Glycemic Load (GL) and Available Carbohydrate: GL is calculated as: GI divided by 100 multiplied by available carbohydrate. To calculate the amount of available carbohydrate, the amount of fibre is subtracted from the total carbohydrate in a carbohydrate containing food. Every 15 grams of available carbohydrate is considered 1 Serving of carbohydrate, for example 4 ounces of unsweetened orange juice and 1 slice of whole wheat toast each contains 15 grams of carbohydrate. 

To answer your questions, a high-fibre cereal with a low GI would be advisable for breakfast, even if it contains a small amount of refined sugar. Starches and sugars both have an effect on blood glucose. For this reason, a cereal made of rice flakes would cause a significant glycemic increase because it has a high GI, contains little fibre and sugar but is rich in starch.  Hot cereals such as large flake oatmeal and Red River are better choices.
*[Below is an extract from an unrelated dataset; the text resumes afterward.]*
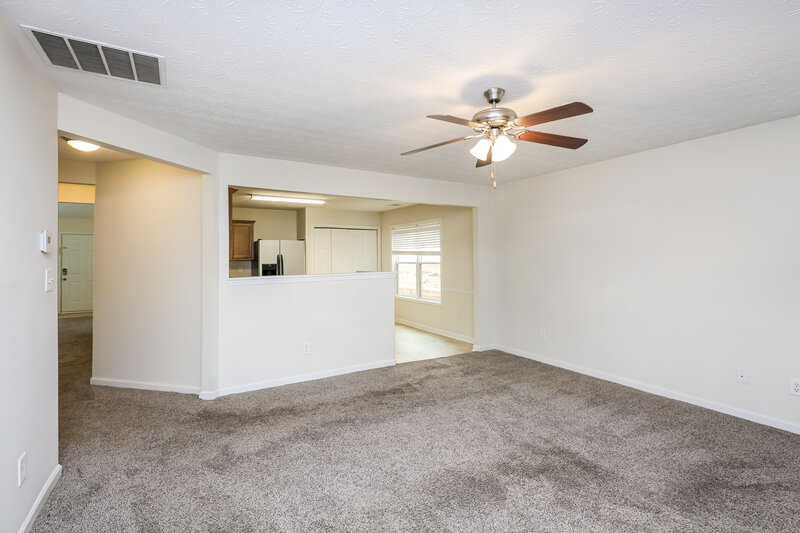 2,880/Mo, 1462 Alcovy Falls Dr Lawrenceville, GA 30045 Living Room View 3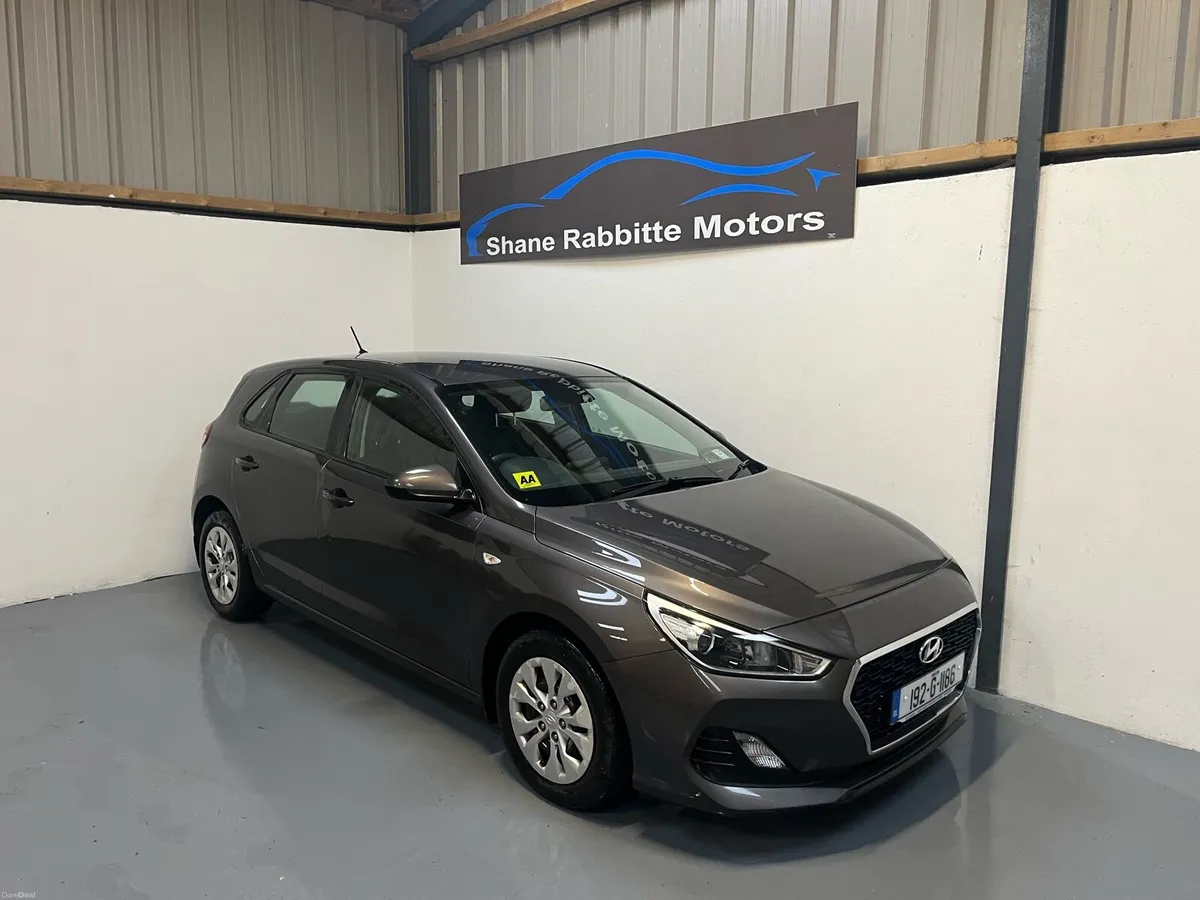 192 HYUNDAI I30 1.6 crdi CLASSIC only 92kms - Image 1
Juices, which are low in fibre, high in simple sugar and therefore have a high GI.  Drinking small amounts of juice (4-6 ounces) with a balanced meal that includes other foods would diminish the effet of the GL. In pratice, it is recommended that a food with a low GI be served with each meal.

 


Q: I'm finding it difficult to create satisfying, low-carbohydrate meals for myself (family history of diabetes) that are vegetarian, and include sufficient amounts of protein. I'm 55 years old.

A: Based on your question it does not appear to me that you are a diabetic, and that your primary interest is prevention. I am happy that you are being so thoughtful with your dietary choices, however avoiding or excessively limiting carbohydrates from your diet is not recommended. I would suggest incorporating whole grain carbohydrate foods which are going to offer you a good source of fibre as well as other important nutrients. Whole grains to consider are Quinoa, Wheat Berries, Kamut, Spelt, Barley, Whole Rolled Oats, and breads and cereals made with these whole grains. Theses foods will help minimize potential increases in blood sugar and insulin levels after meals and help maintain insulin sensitivity in the body. I would recommend limiting any refined carbohydrate foods such as baked goods, white breads and refined cereals.

If your goal is to reduce your risk of developing diabetes, your approach to vegetarian meals should be varied and well-balanced.  When placing food on your plate, portion it so that half of you plate is made up of vegetables.  The other half of your plate should be divided between your whole grain choice and your protein source (legumes, tofu, fish, nut or seeds, all natural nut butters, egg whites etc.)

You may find it useful to consult a dietitian who can help you plan a personalized diet that meets your needs.